Social Security is America’s retirement system for most retirees. Advisers recommend that Social Security should comprise 40% of your retirement income. That’s just economic ideology that isn’t rooted in reality. For most of the middle class, Social Security benefits represent over half of their retirement income. That wouldn’t be so bad if Social Security benefits weren’t subject to ordinary income tax. To many American retirees, taxing Social Security is a broken promise. As recent as three years ago, many politicians promised not to alter Social Security benefits for the Baby Boomers. But in the stealth of night the Congress, shut down the “file and suspend” option for most Boomers and transferred the monies to support the near bankrupted Social Security disability fund. Many Boomers lost between $20,000 and $30,000 dollars due them. Social Security benefits generally paid a cost of living increase, but over the last seven years, the increase was either slight or none at all, i.e. not keeping pace with the real cost of living.

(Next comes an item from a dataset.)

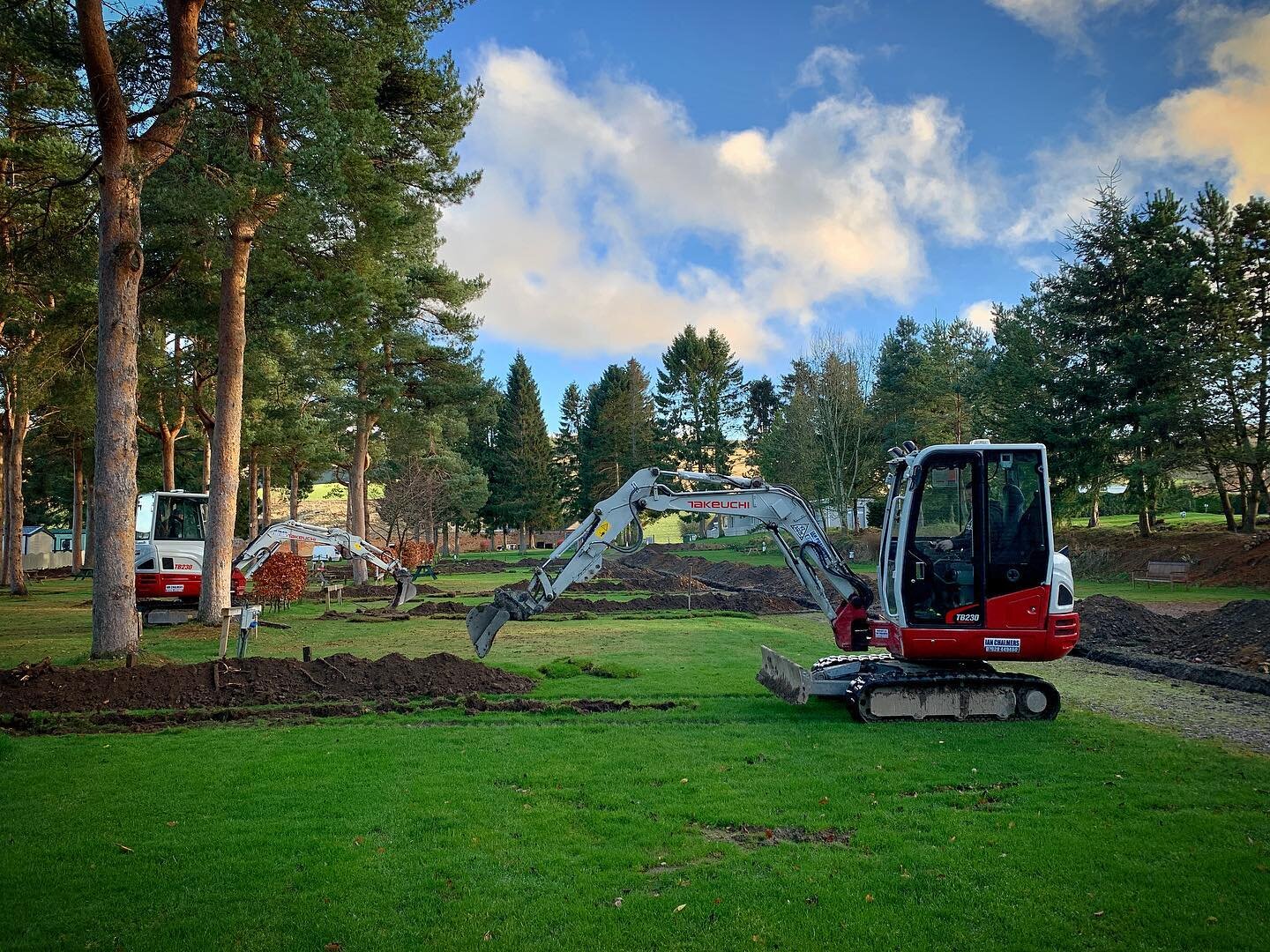Can&rsquo;t beat a little bit of light landscaping 🤪🏕🥃❤️ We can&rsquo;t wait to welcome you all back to the new and improved Speyside Gardens xx Big Love xx #speysidegardenscaravanpark #takeuchi #digger #camping #glamping #visitscotland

To protect Social Security benefits from being taxed, you have to defend two access points: one is Social Security income itself and other investments that are includable in the provisional income test for benefit taxation. The four tax-free funding vehicles that are not includable are: health savings accounts, Roth IRAs, Cash Value Non-Modified Endowment Contracts (TAMRA compliant life insurance) and Home Equity Conversion Mortgages. Under current law, these four could be designed to construct a tax-free retirement plan. And to counter Social Security benefit income, you need to use your tax deductions, exemptions and tax credits judiciously to offset the income.
Tax management is absolutely required in retirement to keep more money in your pocket, to spend as you see fit. But you need to include tax management at the beginning of the retirement savings process by selecting tax advantaged products and converting any qualified monies to Roth IRAs, if it makes sense in your situation.